Prime Minister Stephen Harper said something similar recently to the Globe and Mail: The competition for skilled immigrants, he said, will become heated. That is the case with international students, as well, who represent a financial boost to universities and also bring skills and expertise to Canada — and often turn into skilled immigrants. A report commissioned by the federal government and tabled earlier this year advised it to double the number of international students coming to Canada. The report called International Education, a Key Driver of Canada’s Future Prosperity drew a direct line between attracting international students and filling shortages in the labour market.

But competition for those students has become much tougher in recent years with countries such as India creating new universities and vying to keep their students at home and attract other students from around the world. And there is evidence that Canada is doing a poor job of attracting students. A recent Ipsos-Reid survey to “gather insights to support the further development of the ‘Imagine Education in Canada’ brand” came up with some sobering findings. They include that Canada is not a “top-of-mind destination” for students in China and India. And this: “There is no awareness that Canada has world-class educational establishments, indeed, apart from a few mentions of University of Toronto there is very little awareness of any Canadian educational establishments.”

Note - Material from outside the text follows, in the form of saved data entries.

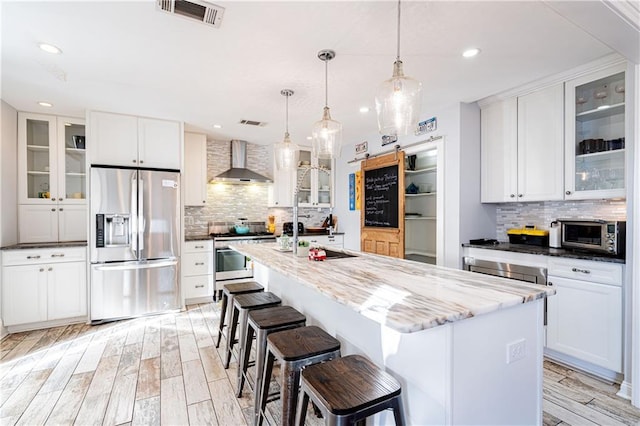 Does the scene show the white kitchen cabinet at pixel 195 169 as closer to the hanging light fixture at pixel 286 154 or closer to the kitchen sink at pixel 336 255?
the hanging light fixture at pixel 286 154

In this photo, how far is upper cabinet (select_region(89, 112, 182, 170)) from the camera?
356cm

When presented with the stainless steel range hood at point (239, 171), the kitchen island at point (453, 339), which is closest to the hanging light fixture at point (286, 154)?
the kitchen island at point (453, 339)

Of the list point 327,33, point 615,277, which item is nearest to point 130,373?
point 327,33

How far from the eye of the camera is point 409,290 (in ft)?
4.58

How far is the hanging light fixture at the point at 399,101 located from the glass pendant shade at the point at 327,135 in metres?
0.64

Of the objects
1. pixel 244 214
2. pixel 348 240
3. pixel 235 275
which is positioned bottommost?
pixel 235 275

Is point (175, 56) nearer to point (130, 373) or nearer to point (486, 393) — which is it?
point (130, 373)

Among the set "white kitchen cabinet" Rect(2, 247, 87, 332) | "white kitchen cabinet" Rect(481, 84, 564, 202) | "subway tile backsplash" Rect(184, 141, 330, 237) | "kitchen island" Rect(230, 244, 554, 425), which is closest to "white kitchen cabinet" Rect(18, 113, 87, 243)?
"white kitchen cabinet" Rect(2, 247, 87, 332)

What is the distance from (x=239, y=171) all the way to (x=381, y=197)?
2.29 metres

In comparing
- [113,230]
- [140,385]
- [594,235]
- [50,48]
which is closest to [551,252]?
[594,235]

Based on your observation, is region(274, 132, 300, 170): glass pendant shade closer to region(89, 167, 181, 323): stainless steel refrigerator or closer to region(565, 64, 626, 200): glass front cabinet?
region(89, 167, 181, 323): stainless steel refrigerator

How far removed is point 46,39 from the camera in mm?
2102

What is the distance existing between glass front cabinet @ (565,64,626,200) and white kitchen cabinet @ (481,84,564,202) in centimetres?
7

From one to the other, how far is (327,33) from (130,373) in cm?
296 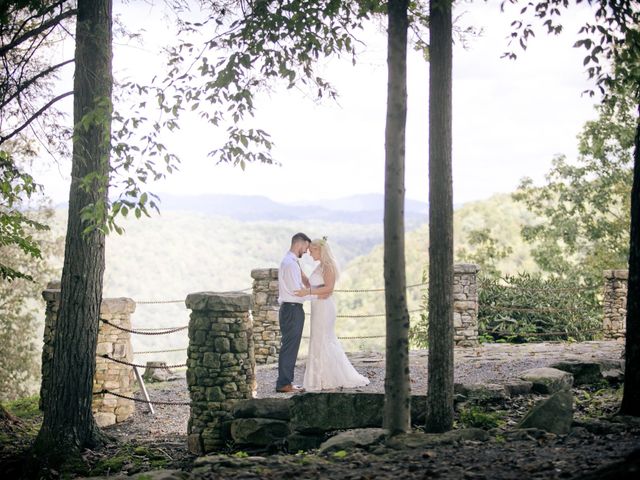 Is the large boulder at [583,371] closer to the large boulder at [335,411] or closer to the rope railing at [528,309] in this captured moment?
the large boulder at [335,411]

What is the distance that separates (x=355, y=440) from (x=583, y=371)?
216 inches

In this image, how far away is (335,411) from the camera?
32.0 feet

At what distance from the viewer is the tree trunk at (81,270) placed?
1067 cm

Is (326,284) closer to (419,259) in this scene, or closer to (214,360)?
(214,360)

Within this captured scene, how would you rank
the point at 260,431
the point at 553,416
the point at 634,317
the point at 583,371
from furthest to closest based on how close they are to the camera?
the point at 583,371, the point at 260,431, the point at 634,317, the point at 553,416

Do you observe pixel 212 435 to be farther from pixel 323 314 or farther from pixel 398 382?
pixel 398 382

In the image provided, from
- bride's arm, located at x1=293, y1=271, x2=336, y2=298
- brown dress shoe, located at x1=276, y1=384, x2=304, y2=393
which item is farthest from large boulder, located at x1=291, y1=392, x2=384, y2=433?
brown dress shoe, located at x1=276, y1=384, x2=304, y2=393

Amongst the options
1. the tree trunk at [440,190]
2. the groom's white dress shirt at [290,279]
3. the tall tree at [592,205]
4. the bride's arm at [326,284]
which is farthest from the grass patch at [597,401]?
the tall tree at [592,205]

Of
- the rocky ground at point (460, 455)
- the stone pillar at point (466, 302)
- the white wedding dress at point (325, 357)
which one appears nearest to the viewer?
the rocky ground at point (460, 455)

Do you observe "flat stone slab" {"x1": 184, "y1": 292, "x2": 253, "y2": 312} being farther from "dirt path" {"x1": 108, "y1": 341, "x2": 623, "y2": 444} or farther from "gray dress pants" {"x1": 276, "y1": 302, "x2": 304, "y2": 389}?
"dirt path" {"x1": 108, "y1": 341, "x2": 623, "y2": 444}

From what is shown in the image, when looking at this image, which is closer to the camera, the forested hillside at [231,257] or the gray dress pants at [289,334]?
the gray dress pants at [289,334]

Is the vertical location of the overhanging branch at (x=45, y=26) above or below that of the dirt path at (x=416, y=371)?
above

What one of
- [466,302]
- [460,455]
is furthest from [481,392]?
[466,302]

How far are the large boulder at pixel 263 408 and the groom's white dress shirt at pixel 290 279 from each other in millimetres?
1842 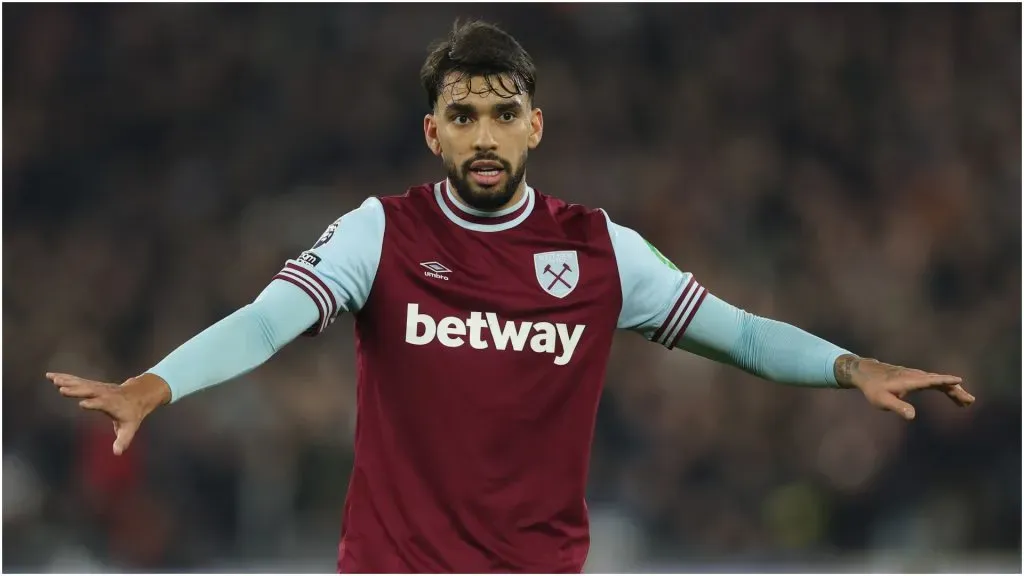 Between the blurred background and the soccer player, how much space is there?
4.05m

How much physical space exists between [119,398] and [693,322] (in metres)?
1.76

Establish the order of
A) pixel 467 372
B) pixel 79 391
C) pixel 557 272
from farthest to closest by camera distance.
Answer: pixel 557 272, pixel 467 372, pixel 79 391

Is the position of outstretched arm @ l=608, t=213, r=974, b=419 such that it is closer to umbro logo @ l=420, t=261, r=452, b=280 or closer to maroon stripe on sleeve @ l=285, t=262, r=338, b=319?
umbro logo @ l=420, t=261, r=452, b=280

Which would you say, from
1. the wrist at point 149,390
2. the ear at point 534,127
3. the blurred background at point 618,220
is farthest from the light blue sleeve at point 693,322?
the blurred background at point 618,220

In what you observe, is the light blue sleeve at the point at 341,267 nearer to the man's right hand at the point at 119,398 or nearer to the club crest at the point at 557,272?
the club crest at the point at 557,272

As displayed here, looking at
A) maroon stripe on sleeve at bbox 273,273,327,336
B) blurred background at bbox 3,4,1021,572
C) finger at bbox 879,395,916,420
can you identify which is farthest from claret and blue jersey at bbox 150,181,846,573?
blurred background at bbox 3,4,1021,572

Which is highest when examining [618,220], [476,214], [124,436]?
[618,220]

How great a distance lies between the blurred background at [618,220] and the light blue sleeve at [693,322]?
3.91m

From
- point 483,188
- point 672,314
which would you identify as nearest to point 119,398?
point 483,188

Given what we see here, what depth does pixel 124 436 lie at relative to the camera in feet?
10.8

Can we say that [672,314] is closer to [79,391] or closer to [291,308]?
[291,308]

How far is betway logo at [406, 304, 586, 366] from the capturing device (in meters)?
4.02

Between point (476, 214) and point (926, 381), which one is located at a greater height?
point (476, 214)

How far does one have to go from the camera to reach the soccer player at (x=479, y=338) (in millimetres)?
3953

There is plenty of work to be done to even put Canada on the map for international students, which is worrisome. And news this week that Patrik Rorsman, a British scientist lured to the University of Alberta with a $10-million Canada Excellence Research Chair, has left the post and returned home won’t help Canada’s reputation as a destination for education.

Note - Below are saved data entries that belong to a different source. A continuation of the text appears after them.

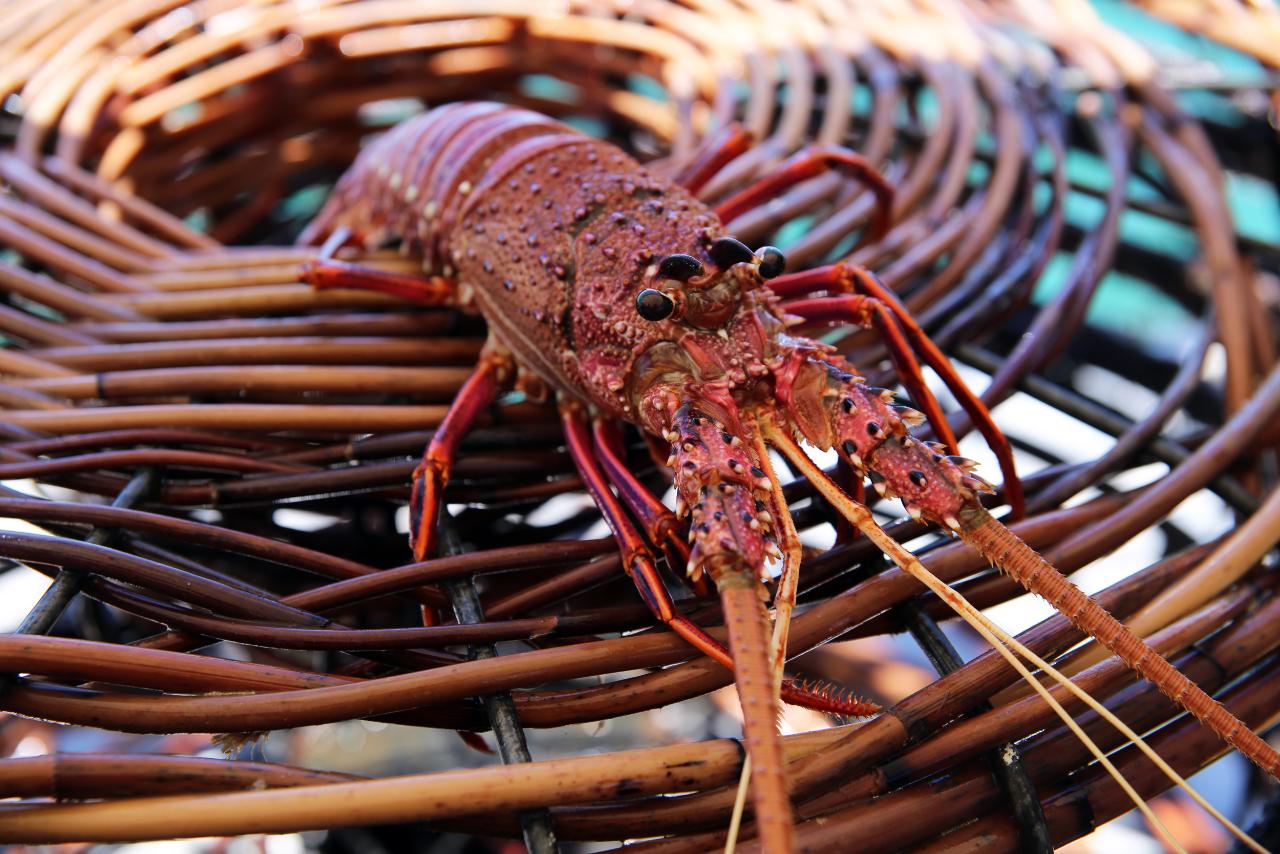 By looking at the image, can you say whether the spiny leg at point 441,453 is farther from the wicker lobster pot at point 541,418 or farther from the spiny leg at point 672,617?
the spiny leg at point 672,617

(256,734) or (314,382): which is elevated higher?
(314,382)

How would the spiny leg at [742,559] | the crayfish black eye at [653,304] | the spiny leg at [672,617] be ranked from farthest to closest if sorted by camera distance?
the crayfish black eye at [653,304] → the spiny leg at [672,617] → the spiny leg at [742,559]

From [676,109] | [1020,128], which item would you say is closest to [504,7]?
[676,109]

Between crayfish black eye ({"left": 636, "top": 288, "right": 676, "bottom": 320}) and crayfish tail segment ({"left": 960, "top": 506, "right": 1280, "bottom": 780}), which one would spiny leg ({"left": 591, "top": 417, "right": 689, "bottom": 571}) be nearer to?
crayfish black eye ({"left": 636, "top": 288, "right": 676, "bottom": 320})

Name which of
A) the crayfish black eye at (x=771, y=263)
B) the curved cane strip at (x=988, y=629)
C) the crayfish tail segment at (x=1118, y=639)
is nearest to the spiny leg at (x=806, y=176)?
the crayfish black eye at (x=771, y=263)

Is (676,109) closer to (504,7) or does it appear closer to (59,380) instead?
(504,7)

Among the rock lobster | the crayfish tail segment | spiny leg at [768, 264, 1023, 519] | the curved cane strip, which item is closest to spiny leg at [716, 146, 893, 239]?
the rock lobster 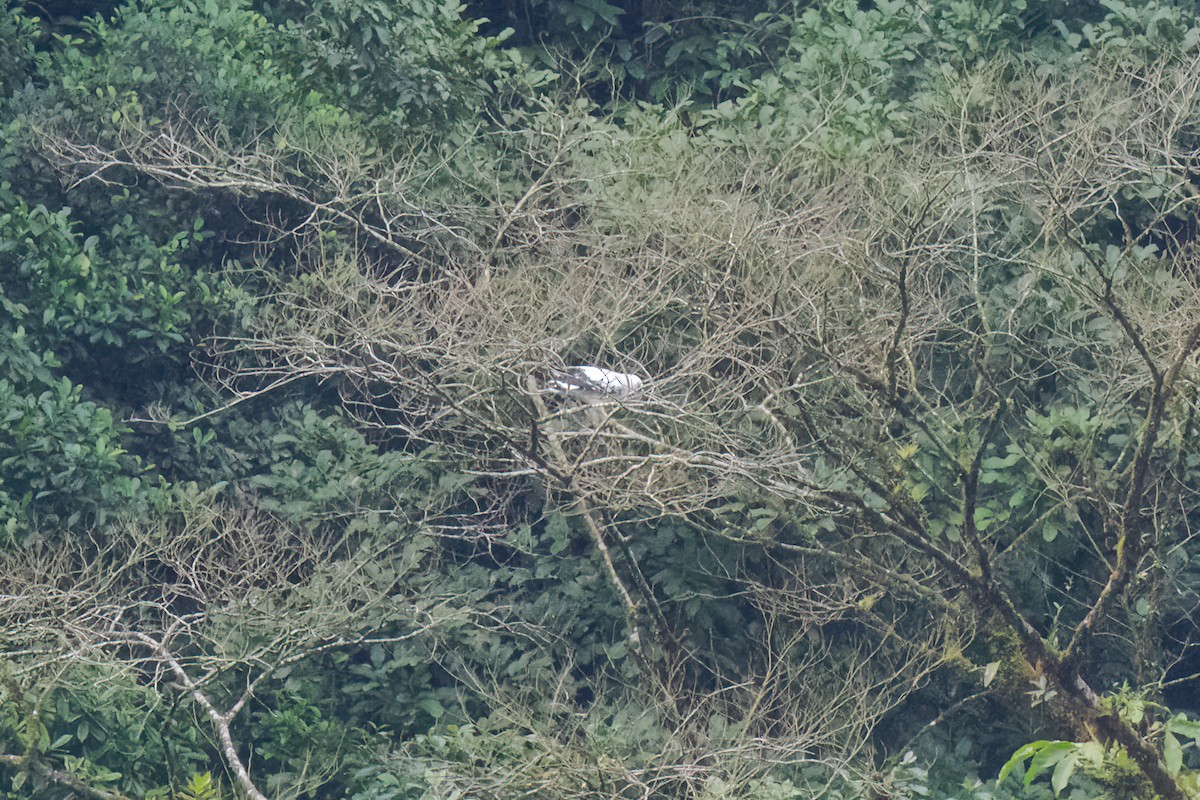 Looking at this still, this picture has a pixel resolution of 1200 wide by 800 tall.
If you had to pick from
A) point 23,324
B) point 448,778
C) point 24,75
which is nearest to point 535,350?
point 448,778

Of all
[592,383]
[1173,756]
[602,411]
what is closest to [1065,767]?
[1173,756]

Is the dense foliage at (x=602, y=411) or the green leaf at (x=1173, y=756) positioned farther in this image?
the dense foliage at (x=602, y=411)

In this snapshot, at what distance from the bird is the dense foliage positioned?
0.08 metres

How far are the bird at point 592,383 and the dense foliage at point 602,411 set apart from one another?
80mm

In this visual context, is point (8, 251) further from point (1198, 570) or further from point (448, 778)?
point (1198, 570)

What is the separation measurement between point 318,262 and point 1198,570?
5634 mm

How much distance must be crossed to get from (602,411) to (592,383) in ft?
0.71

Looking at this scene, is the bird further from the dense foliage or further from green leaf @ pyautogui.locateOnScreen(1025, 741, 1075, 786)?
green leaf @ pyautogui.locateOnScreen(1025, 741, 1075, 786)

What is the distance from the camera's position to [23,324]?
9.32 m

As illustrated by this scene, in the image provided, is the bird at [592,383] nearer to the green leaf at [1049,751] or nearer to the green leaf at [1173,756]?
the green leaf at [1173,756]

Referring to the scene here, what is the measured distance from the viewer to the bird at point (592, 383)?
269 inches

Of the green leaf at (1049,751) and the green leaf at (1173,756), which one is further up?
the green leaf at (1049,751)

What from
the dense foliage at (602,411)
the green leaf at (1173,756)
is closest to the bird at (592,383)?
the dense foliage at (602,411)

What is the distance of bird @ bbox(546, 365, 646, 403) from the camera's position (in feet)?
22.4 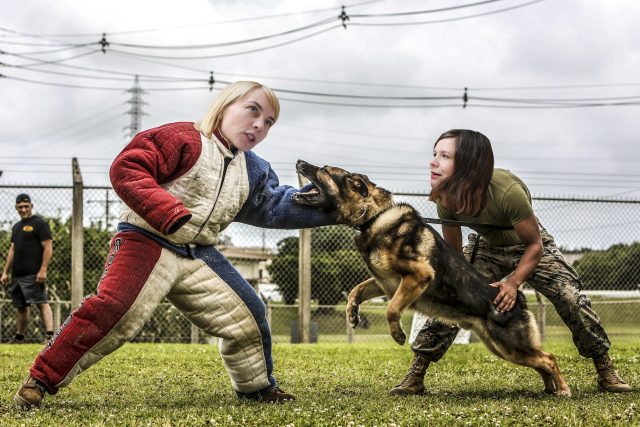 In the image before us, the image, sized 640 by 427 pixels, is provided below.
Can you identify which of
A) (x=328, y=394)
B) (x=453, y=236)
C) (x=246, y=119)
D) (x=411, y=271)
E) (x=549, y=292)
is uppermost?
(x=246, y=119)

Which doesn’t mean the high-profile research chair program has not been successful in attracting top international researchers to Canada. Among CERC chairs is British neuroscientist Adrian Owen, who was in the news this week because he led a team able to communicate with a man thought to be in a vegetative state. Owen leads the research team at the Brain and Mind Institute at the University of Western Ontario.

Still, Rorsman’s loss underlined some of the challenges in attracting scholars, students and immigrants to Canada in a competitive market. He left, in part, because his wife had problems locating in Edmonton. But he also had issues with its isolation and weather. “It is quite a nice place … but they suffer from the climate.”